Pulp singles chronology
| "Common People" (1995) | "Mis-Shapes" / "Sorted for E's & Wizz" (1995) | "Disco 2000" (1995) |

= Mis-Shapes =

1995 single by Pulp

"Mis-Shapes" is a song written and released by English alternative rock band Pulp from their fifth album, Different Class (1995). Lyrically inspired by Cocker's experiences socializing in Sheffield as an outcast, the song features lyrics that call for misfits to unite and take over.

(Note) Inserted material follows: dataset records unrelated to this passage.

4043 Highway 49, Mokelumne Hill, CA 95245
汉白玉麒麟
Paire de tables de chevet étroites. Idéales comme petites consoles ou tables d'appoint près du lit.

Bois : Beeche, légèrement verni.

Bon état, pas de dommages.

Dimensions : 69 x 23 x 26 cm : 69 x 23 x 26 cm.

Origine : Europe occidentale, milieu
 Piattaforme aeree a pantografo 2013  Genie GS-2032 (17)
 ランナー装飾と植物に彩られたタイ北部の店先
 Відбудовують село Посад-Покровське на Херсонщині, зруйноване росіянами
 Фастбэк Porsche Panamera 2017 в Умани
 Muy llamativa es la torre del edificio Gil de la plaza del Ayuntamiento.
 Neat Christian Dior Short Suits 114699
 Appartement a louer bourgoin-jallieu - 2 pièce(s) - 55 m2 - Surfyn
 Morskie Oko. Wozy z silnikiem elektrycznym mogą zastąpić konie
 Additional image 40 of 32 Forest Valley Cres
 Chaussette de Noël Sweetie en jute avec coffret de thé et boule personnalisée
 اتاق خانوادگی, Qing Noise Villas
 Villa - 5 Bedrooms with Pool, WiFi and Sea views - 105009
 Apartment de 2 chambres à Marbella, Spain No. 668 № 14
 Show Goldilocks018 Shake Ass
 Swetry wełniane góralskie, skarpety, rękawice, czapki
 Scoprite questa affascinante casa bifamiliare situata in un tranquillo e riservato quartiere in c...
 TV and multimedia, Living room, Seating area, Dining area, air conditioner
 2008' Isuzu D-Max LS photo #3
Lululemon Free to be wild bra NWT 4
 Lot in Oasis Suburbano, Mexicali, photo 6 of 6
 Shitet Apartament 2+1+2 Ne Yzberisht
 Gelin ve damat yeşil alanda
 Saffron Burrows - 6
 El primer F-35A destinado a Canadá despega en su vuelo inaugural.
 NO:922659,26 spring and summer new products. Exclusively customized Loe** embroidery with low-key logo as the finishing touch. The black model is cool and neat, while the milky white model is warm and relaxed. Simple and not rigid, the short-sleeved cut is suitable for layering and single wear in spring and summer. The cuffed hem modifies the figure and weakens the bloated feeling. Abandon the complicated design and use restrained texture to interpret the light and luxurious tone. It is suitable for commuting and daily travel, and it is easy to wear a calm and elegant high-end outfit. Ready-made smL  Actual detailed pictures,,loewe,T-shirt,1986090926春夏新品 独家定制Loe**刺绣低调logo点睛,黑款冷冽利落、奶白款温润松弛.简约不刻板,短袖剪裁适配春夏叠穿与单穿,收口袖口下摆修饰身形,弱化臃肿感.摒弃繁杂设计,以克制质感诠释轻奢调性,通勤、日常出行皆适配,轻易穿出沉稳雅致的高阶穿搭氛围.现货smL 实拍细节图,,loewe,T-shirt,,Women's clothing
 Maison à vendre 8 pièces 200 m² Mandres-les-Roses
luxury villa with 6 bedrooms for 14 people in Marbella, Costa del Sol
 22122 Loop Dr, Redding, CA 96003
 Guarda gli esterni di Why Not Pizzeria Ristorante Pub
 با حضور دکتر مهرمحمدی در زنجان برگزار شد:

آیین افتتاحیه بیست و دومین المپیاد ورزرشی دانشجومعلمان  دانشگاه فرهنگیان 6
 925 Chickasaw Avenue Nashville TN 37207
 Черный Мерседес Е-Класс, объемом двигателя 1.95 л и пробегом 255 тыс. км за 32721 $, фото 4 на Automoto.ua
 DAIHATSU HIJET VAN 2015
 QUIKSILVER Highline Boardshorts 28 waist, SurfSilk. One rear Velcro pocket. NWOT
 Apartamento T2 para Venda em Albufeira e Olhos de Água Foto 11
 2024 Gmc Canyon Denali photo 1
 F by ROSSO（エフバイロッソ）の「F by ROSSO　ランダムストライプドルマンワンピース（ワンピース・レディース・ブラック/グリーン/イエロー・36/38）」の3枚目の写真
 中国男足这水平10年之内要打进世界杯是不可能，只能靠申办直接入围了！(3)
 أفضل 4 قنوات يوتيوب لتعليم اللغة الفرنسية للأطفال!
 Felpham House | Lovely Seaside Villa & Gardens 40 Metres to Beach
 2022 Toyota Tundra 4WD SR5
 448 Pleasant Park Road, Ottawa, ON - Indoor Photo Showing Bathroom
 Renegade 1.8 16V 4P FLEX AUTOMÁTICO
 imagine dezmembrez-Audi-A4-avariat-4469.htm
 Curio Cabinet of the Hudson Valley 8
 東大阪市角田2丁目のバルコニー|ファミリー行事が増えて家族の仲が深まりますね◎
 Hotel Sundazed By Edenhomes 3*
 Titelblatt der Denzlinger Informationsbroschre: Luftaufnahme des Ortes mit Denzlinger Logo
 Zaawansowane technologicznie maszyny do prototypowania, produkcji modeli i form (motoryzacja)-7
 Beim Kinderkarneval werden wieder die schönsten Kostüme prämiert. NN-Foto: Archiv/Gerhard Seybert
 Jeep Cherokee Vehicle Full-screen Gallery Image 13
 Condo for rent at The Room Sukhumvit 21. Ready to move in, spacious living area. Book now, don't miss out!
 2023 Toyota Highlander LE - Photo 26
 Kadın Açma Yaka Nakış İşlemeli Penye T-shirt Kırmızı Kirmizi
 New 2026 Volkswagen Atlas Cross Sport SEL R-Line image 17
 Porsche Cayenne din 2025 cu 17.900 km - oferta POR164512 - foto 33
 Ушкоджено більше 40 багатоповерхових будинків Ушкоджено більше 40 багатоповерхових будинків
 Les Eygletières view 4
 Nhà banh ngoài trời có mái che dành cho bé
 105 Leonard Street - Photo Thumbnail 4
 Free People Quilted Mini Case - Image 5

This lyrical theme would make Cocker uncomfortable with Pulp's growing popularity with "townies" after the song's release.

"Mis-Shapes" was released as a double-A sided single with "Sorted for E's & Wizz", the second single from Different Class after "Common People." Like its predecessor, the single reached number two in the UK charts and has since seen critical acclaim.

==Background==
"Mis-Shapes" was written as an ode to the outcasts that Pulp as a band identified with. Drummer Nick Banks summed up the song's message, stating, "What an opener, a call to arms, a rallying cry, now is the time to storm the barricades. If you've ever been bullied, called a weirdo, hit, spat at for being, looking, or feeling different... this is your tune!" At a 1995 concert, frontman Jarvis Cocker introduced the song as a call to take on the "blokes with 'taches in short-sleeved white shirts telling you that you're the weirdo."

Lyrically, the song was inspired by Cocker's experience going to clubs in his home town of Sheffield during the 1980s. He recalled:

It was quite dangerous to go into the centre of town on a weekend night, as everyone socialised there. You'd get these packs of blokes, all dressed the same in the white short-sleeved shirt, black trousers and loafers, and they'd call you a queer or want to smack you 'cos they didn't like your jacket. The thing is, those people hunt in packs, whereas the misfits or mis-shapes, because of the fact that they're more individualistic, are easier targets. So the idea of 'Mis-Shapes' is the fancy that the misfits would form some kind of an alliance or army, and take over.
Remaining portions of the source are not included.